Relative headphone newcomer 1More USA, launched in 2014, is one of the brands with an eye on the market's low-cost segment. CEO Gary Hsieh, a former Foxconn executive “disillusioned with low-value contract manufacturing,” co-founded 1More China in 2013 with a goal to develop a brand that would “dispel the belief that products made-in-China couldn't be of both excellent quality and value,” says the company boilerplate.
Bluetooth signal transmission improvements have made the sound quality from a wireless connection nearly equivalent to a wired connection, 1More Director of Brand and Development David Kellogg emailed us, making Bluetooth headphones a “a lifestyle trend with very [few] consequences.” The company’s iBFree in-ear Bluetooth in-ear monitor comes in red, gray, blue and green at a $49 retail price. An over-ear model sells for $129.
The company is developing Apple-friendly Lightning headphones with what Kellogg called “superior-quality DACs” (digital-to-analog converters) for discerning listeners. On the market divide between wired and wireless headphones, Kellogg said improvements in Bluetooth transmission quality are narrowing the delta between the two, and 1More is working on “high quality multi-transducer Bluetooth in-ears, which will bridge the gap.” Kellogg said Qualcomm’s acquisition of Bluetooth chip maker CSR “will likely lead to an aptX codec update shortly” and 1More is committed to using the most current technology.

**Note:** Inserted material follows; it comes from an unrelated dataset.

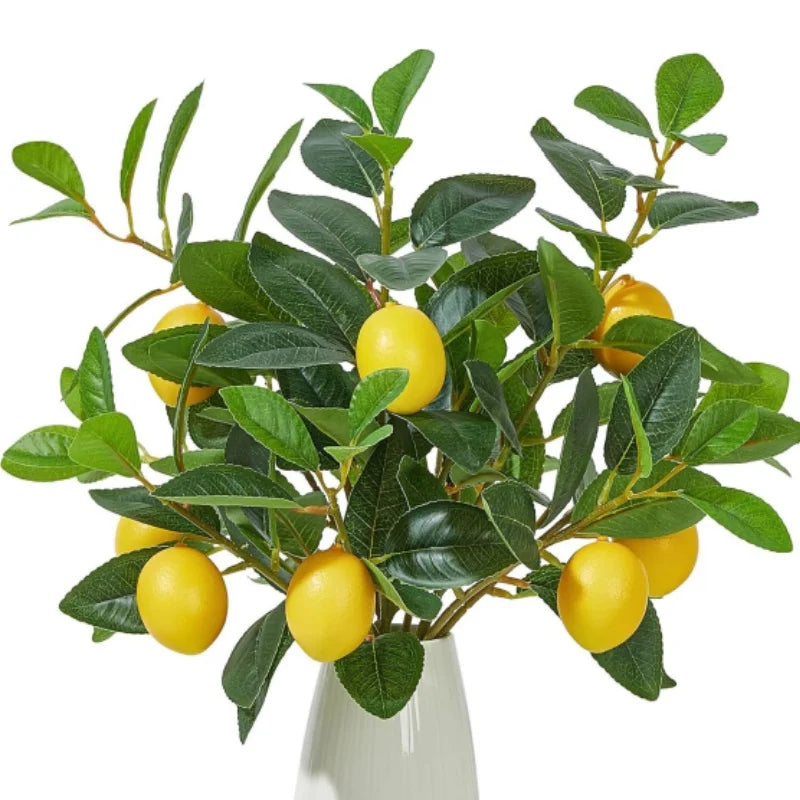 Artificial Lemons Tree Branches Greenery Stem Lemon Branch with Lifelike Leaves Lemon Plant for Home Dining Table Kitchen Decor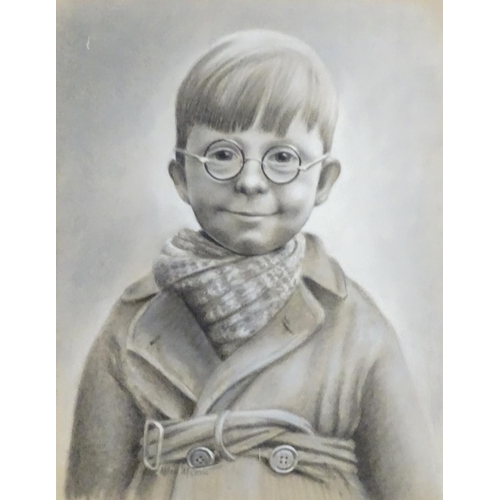 1653 - Helen M Craine, XX, Pastels, A portrait of a young boy with glasses. Signed and dated 1994 lower mid...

Another value brand, Kinivo, announced $44 Bluetooth headphones last week, adding “water resistant” material to its feature list. Music playing through the headphones automatically pauses when a call comes in, one of the features Apple touted with its new W1 chipset that’s designed to enhance functionality across iOS devices. The Kinivo phones have a 25-hour battery life, compared with five hours for Apple’s upcoming $159 AirPods, which deliver more iOS-specific functionality.

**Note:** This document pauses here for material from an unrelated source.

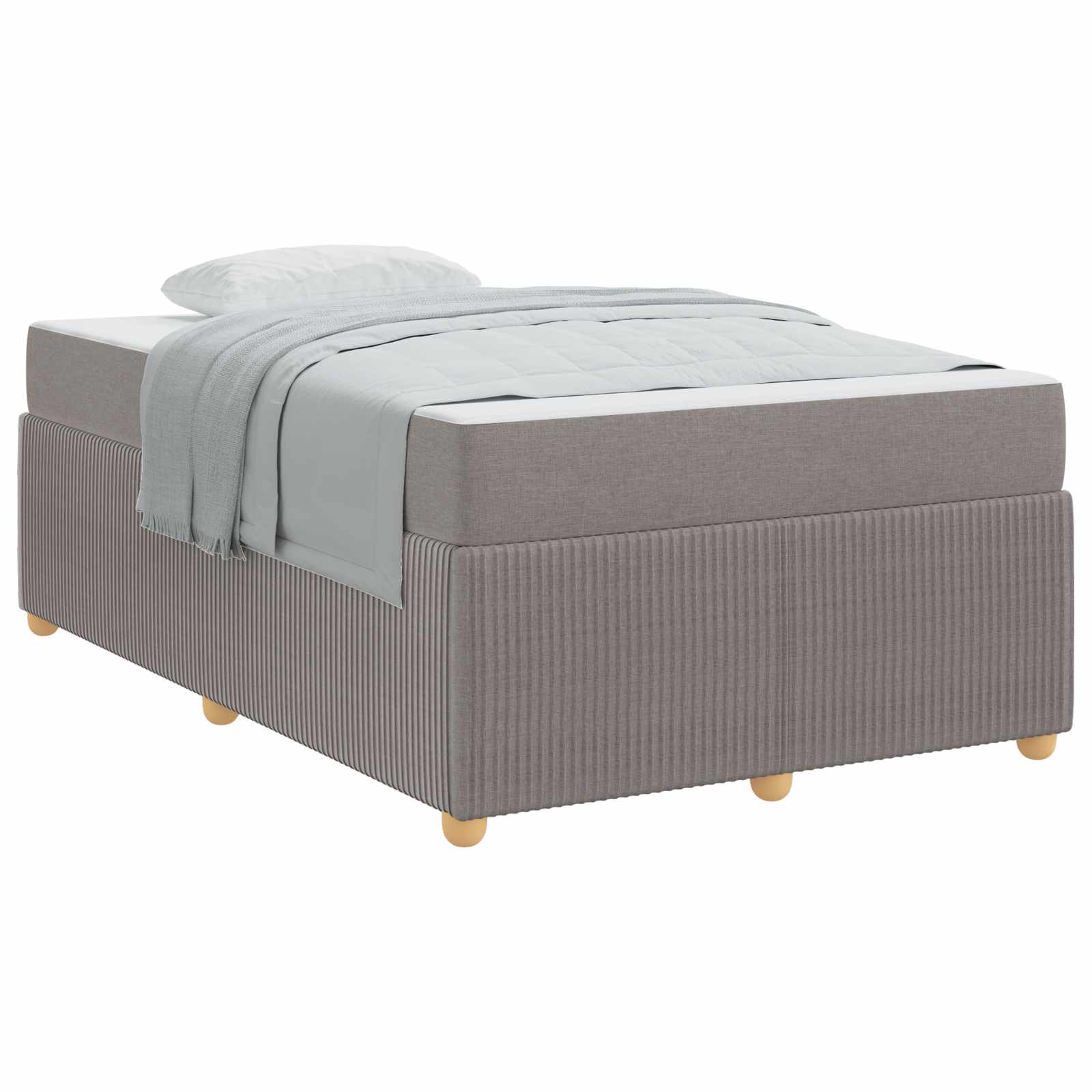 Bettrahmen mit Matratze Taupe 120 x 200 cm Stoff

At the high end, Armin Prommersberger, senior vice president-technology, in Harman’s Lifestyle Audio division, was unfazed by Apple’s move with the iPhone 7 when we spoke to him about iPhone 7 rumors at IFA, a few days before the launch. “I don’t like cables anyhow,” Prommersberger said. He disputed any correlation between analog cable and sound quality, saying sound quality comes into play with audiophile-grade products such as Harman’s Mark Levinson components in the home luxury products line but not when a smartphone is the music source.

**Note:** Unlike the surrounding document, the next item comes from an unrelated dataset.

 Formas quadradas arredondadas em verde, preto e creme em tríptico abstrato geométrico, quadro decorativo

Smartphones, by contrast, have standard output stages and small amplifiers. “That’s the reason why there are high-end MP3 players,” Prommersberger said. “If the amplification is not powerful, you can put Quincy’s headphone on it, and it’s not going to sound any better” than another good headphone “even though Quincy’s has much more potential,” he said, referring to Harman’s upcoming $1,500 AKG N90Q headphones, designed in conjunction with record producer/musician Quincy Jones. By not having to use an analog cable and by having digital access through Lightning to the data stored on the phone, “I don’t do this analog-to-digital, digital-to-analog, analog-to-digital conversion all the time, and I have a perfect amplifier built into my headphone,” he said. “Because it’s powered, for example, from the Lightning, I can have much better sound quality than I was ever able to before.”
On the lower end, where consumers use headphones for exercising or commuting – where sound quality is not as critical due to ambient noise – “there I don’t want to have a cable at all,” Prommersberger said. Although the 3.5mm jack is gone with the seventh-generation iPhone, “it’s going to stay around for quite some time” in the market, he said. “I’m pretty excited about other ways to access the music on my smartphone,” he said of the upcoming world of the jack-free iPhone. “Just because they’re in-ear doesn’t mean they can’t have decent sound quality.”
An NPD study fielded in the days before the iPhone 7 launch found 60 percent of likely iPhone 7 purchasers who expect to buy the phone within the next six months already intended to buy a pair of Bluetooth headphones within that time frame – even before the jack-less design was officially announced. When the prospective iPhone 7 buyers were presented with a visual concept and explanation that the headphone jack on the phone would be removed and they would have the choice of using Lightning-connected headphones with an adapter or wireless Bluetooth headphones, purchase intent for Bluetooth headphones rose to 78 percent, Arnold said. That’s more than three times the purchase intent of all smartphone owners, he said. Arnold called it a “near certainty” that most iPhone 7 buyers will buy Bluetooth headphones.
Arnold cited previous Apple moves that shook the ground in the CE market, including the decline in USB ports and optical drives on Mac PCs and the switch from the 30-pin to Lightning connector on iPhones and iPods. The latter helped launch the nearly $2 billion wireless speaker market, Arnold said. While Apple’s announcement “seems extreme given the legacy of the 3.5mm input, smartphone design has always pushed boundaries,” said Arnold. With Bluetooth now generating a majority of headphone sales, he said, “the elimination of the headphone jack in the iPhone 7 is more of an adjustment to how consumers are listening to music rather than a true shock to the system.”